**The task**
Within the entries below, please retype exactly the lines starting with the line that has "Building Photo - 2121 N Avenue J" and going on through the line that has "Chery Fengyun A9L", but not the pictures.
-=-=-=-=-
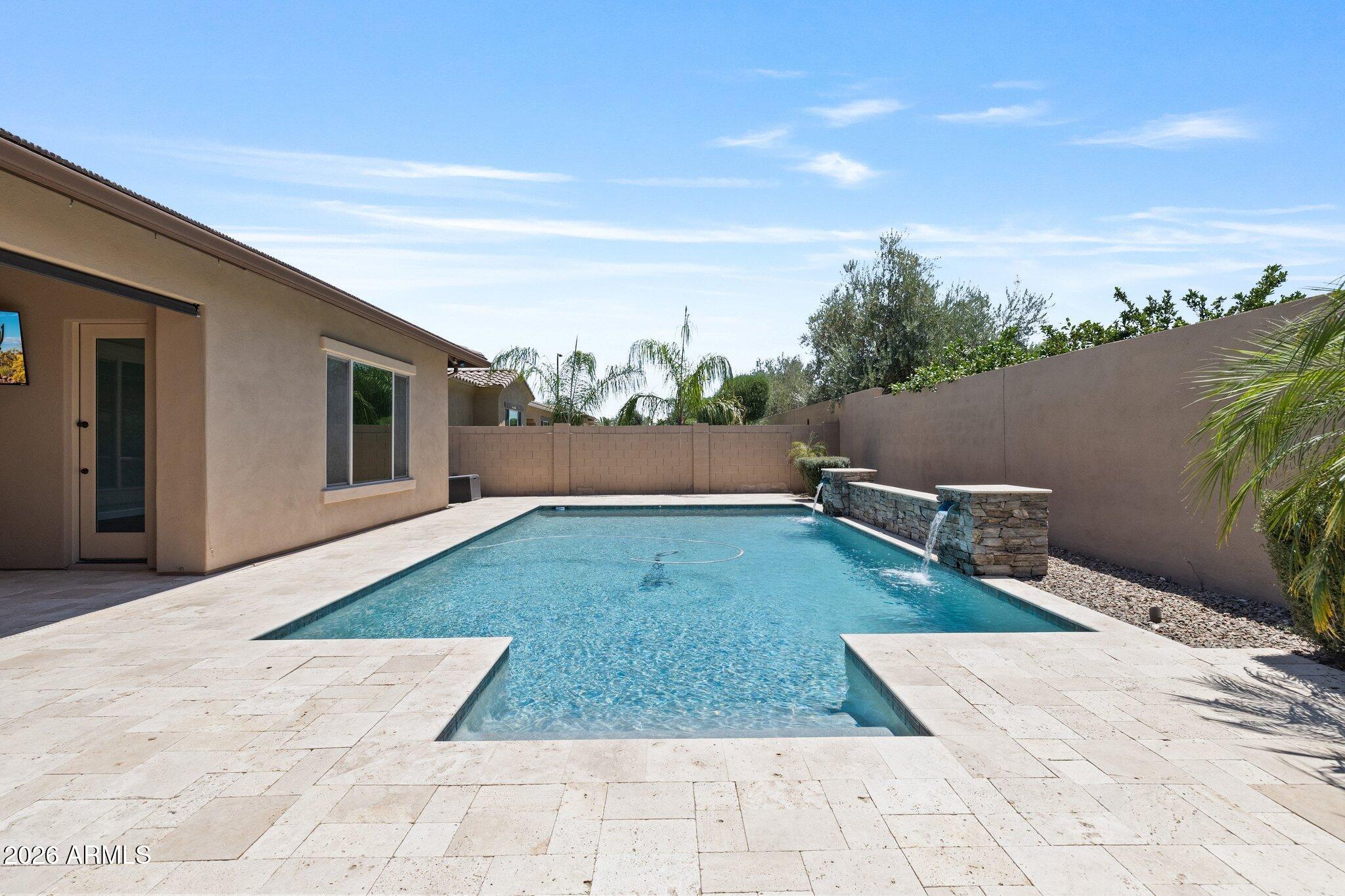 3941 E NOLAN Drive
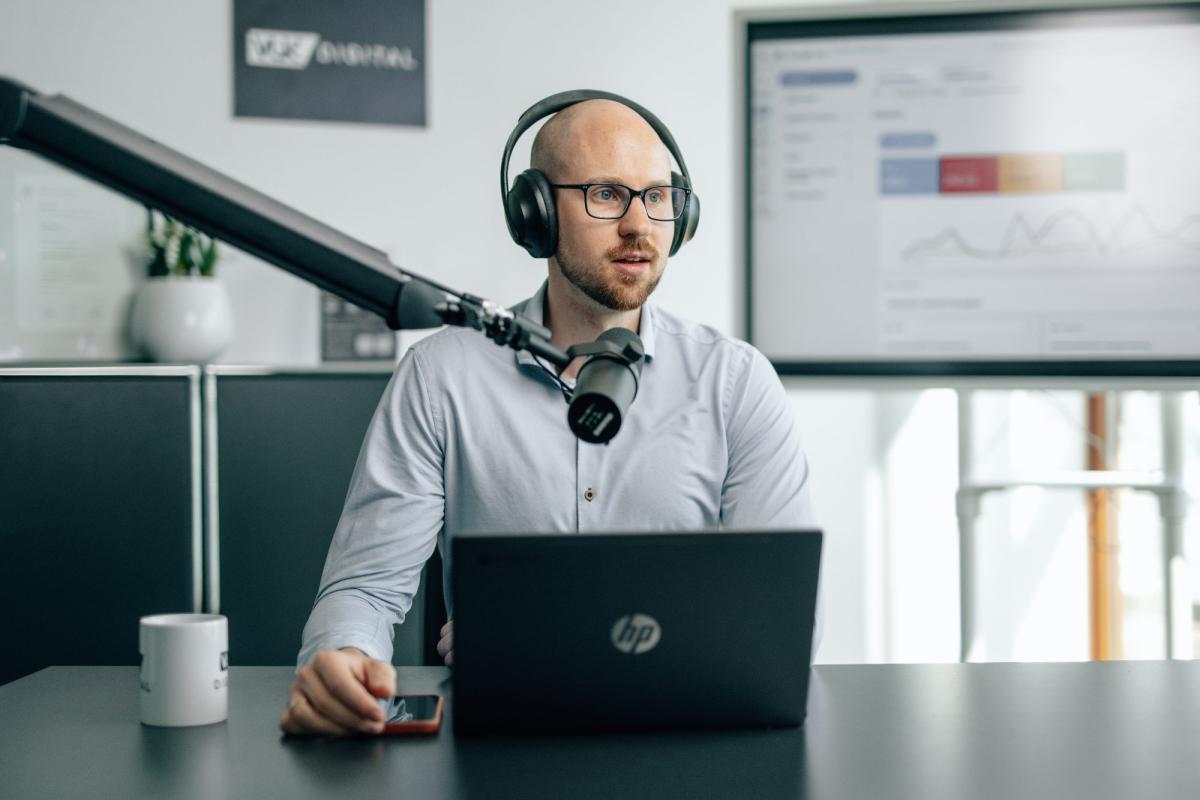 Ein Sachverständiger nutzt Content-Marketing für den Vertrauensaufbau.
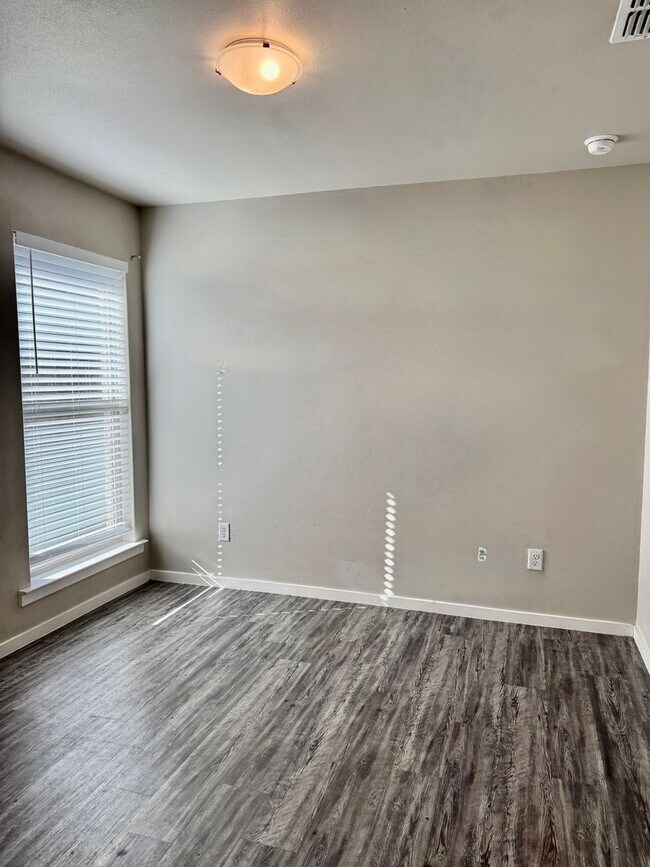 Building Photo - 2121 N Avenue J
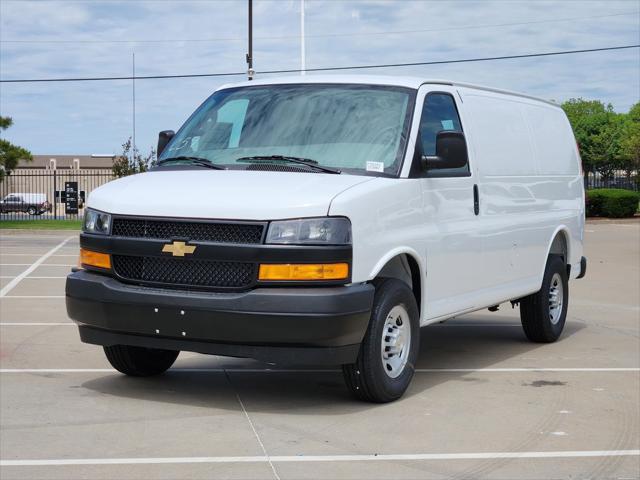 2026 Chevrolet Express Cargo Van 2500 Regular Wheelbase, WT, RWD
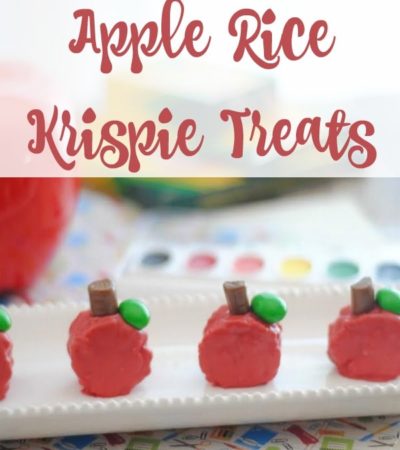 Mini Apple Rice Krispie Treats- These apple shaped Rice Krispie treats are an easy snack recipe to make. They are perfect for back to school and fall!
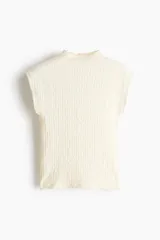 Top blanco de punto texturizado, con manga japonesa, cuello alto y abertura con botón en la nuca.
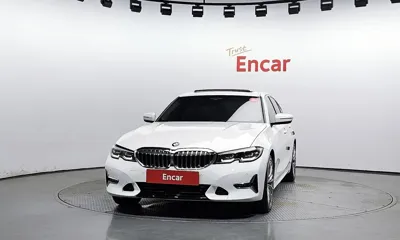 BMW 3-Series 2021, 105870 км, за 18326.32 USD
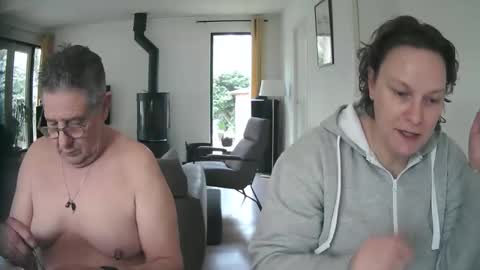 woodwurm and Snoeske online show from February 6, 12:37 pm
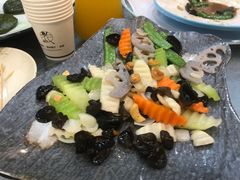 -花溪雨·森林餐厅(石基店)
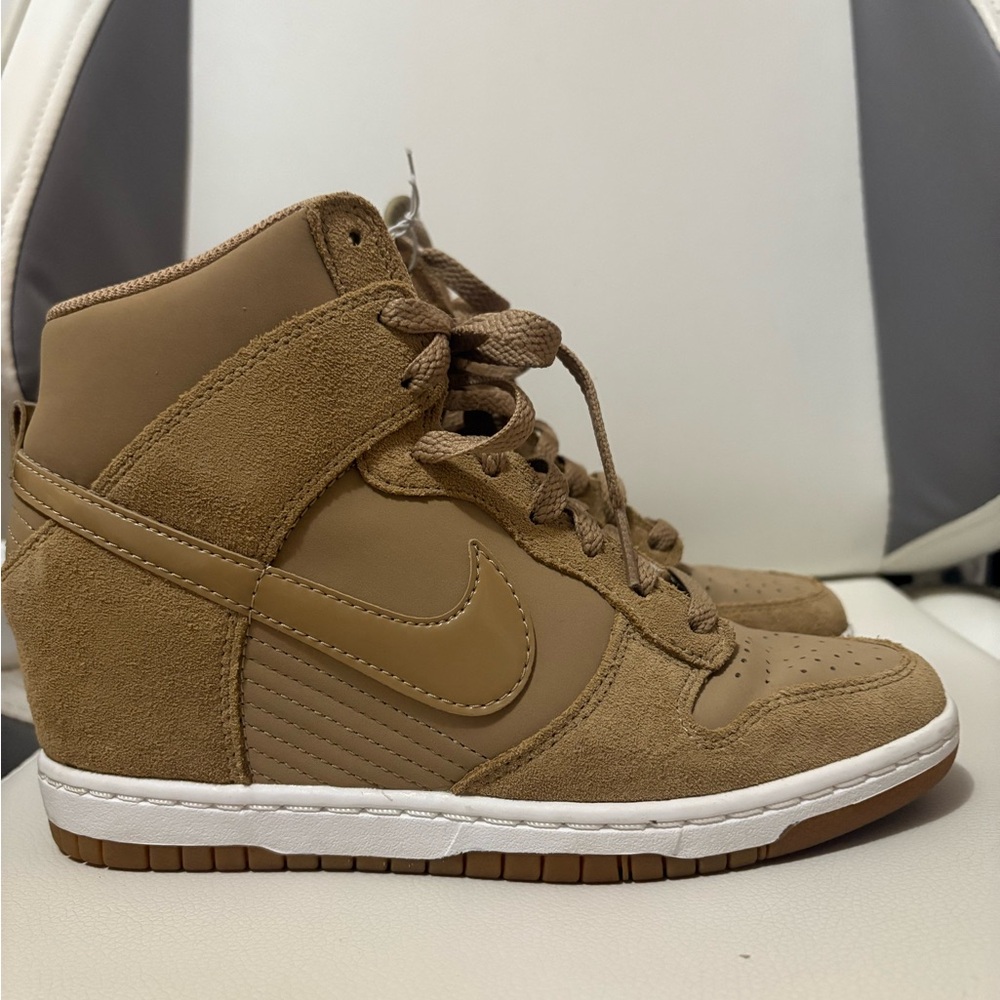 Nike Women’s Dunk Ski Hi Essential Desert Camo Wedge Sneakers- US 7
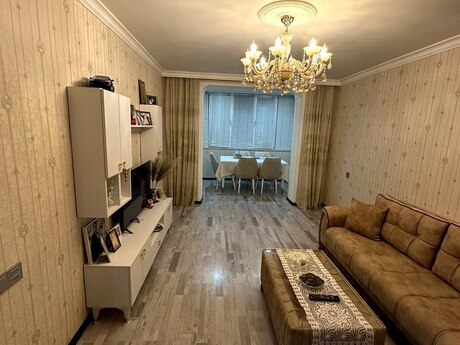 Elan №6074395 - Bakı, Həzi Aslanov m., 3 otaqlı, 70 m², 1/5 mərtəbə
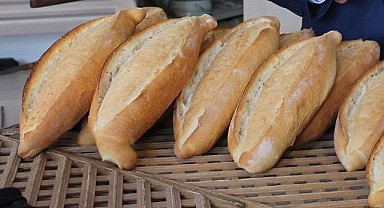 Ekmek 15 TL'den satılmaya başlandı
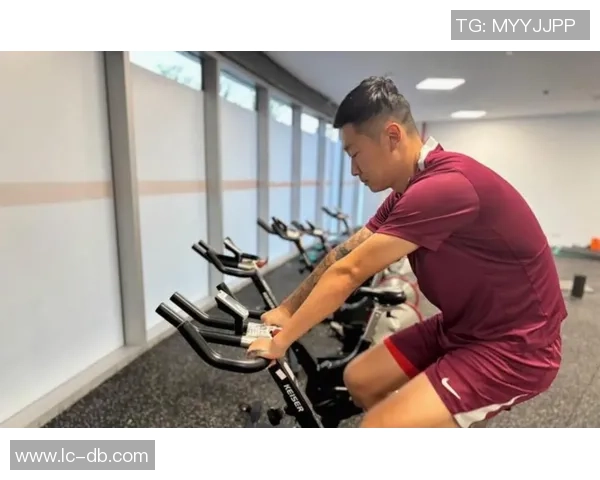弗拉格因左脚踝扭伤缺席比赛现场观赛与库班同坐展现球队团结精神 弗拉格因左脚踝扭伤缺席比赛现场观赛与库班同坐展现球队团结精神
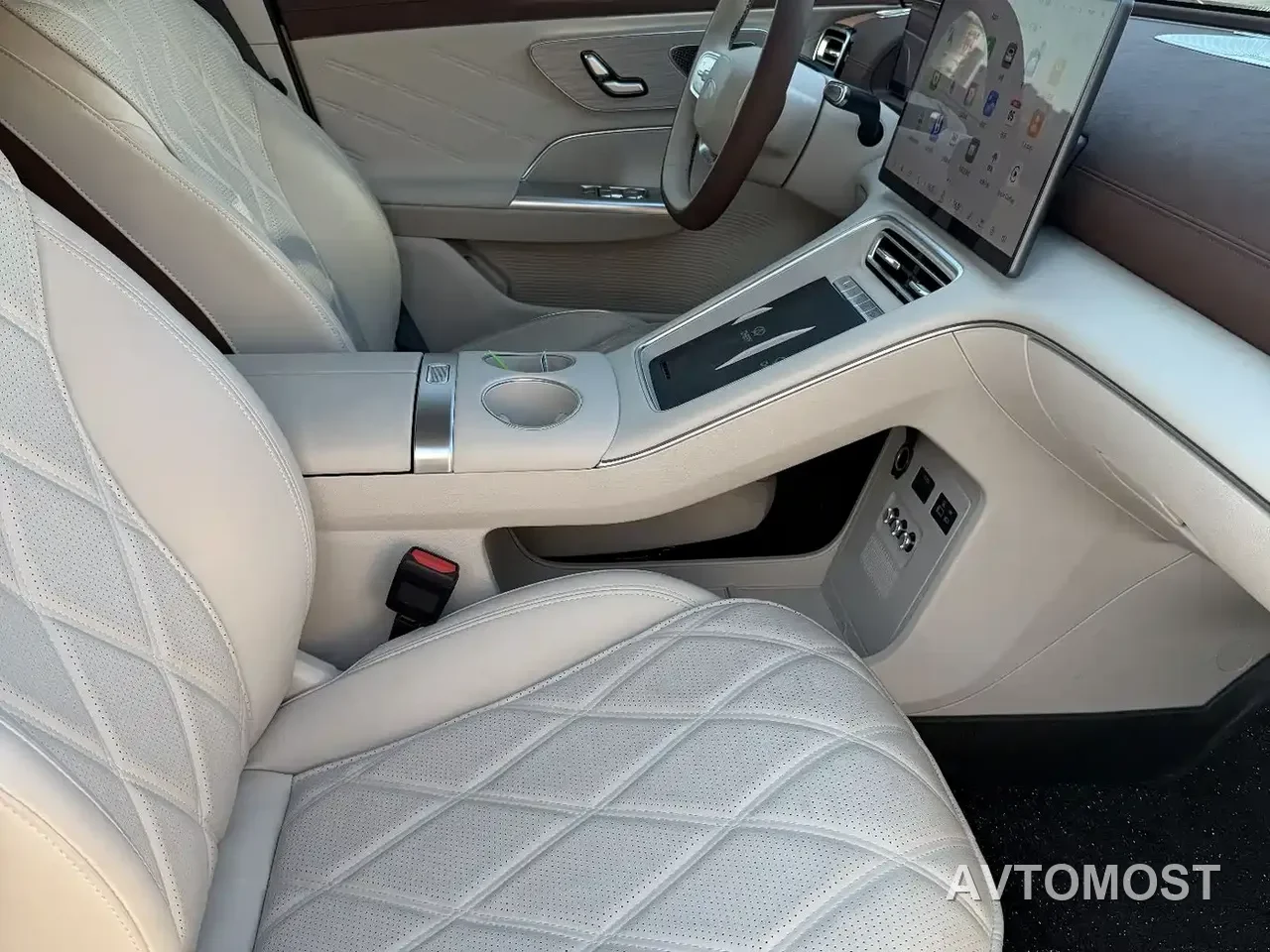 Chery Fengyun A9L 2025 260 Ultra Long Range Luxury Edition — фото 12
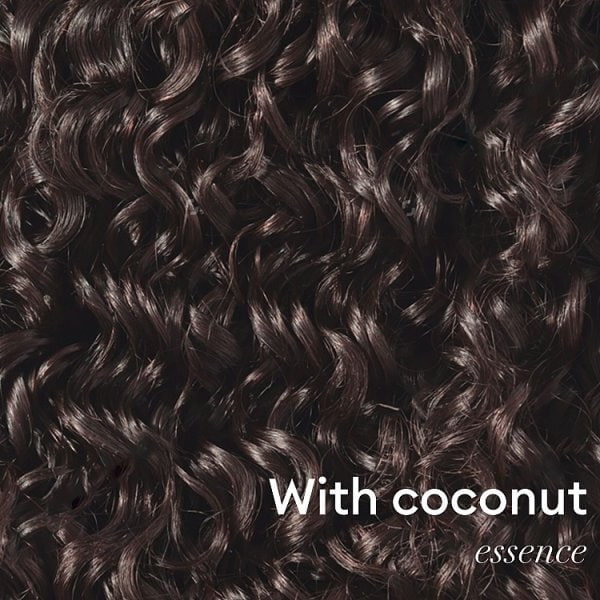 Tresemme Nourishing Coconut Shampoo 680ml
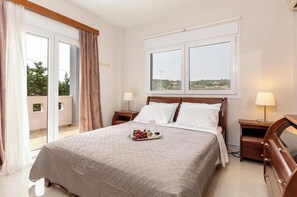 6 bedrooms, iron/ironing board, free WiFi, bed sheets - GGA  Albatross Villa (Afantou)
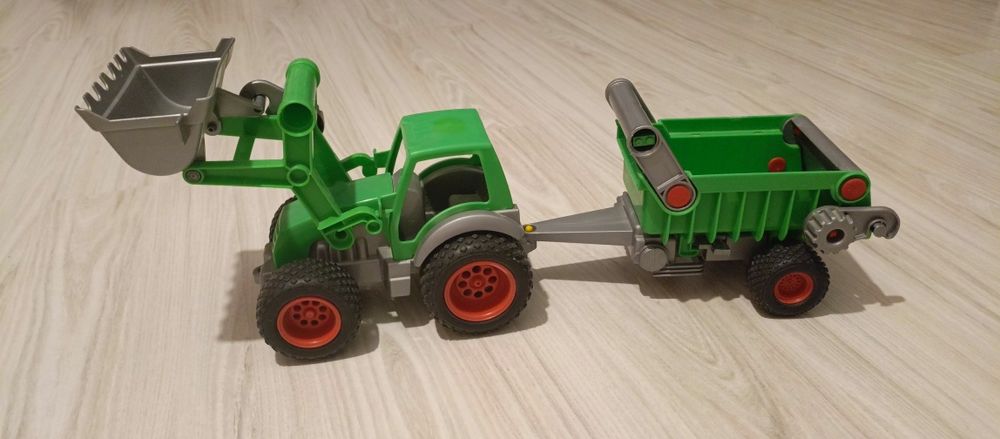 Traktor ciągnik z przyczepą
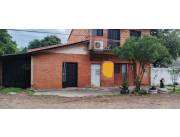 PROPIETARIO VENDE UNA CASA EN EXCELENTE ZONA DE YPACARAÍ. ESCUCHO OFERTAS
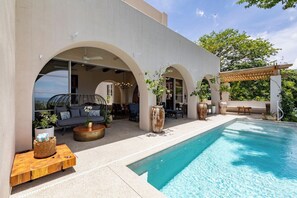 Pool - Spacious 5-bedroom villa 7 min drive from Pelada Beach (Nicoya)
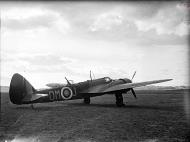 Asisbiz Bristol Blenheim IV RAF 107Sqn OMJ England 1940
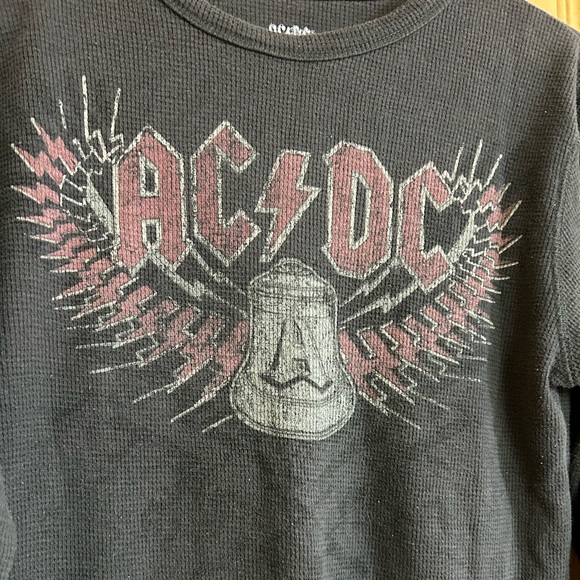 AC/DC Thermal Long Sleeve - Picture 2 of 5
-=-=-=-=-
**Completed task**
 Building Photo - 2121 N Avenue J
 2026 Chevrolet Express Cargo Van 2500 Regular Wheelbase, WT, RWD
 Mini Apple Rice Krispie Treats- These apple shaped Rice Krispie treats are an easy snack recipe to make. They are perfect for back to school and fall!
 Top blanco de punto texturizado, con manga japonesa, cuello alto y abertura con botón en la nuca.
 BMW 3-Series 2021, 105870 км, за 18326.32 USD
 woodwurm and Snoeske online show from February 6, 12:37 pm
 -花溪雨·森林餐厅(石基店)
 Nike Women’s Dunk Ski Hi Essential Desert Camo Wedge Sneakers- US 7
 Elan №6074395 - Bakı, Həzi Aslanov m., 3 otaqlı, 70 m², 1/5 mərtəbə
 Ekmek 15 TL'den satılmaya başlandı
弗拉格因左脚踝扭伤缺席比赛现场观赛与库班同坐展现球队团结精神 弗拉格因左脚踝扭伤缺席比赛现场观赛与库班同坐展现球队团结精神
 Chery Fengyun A9L 2025 260 Ultra Long Range Luxury Edition — фото 12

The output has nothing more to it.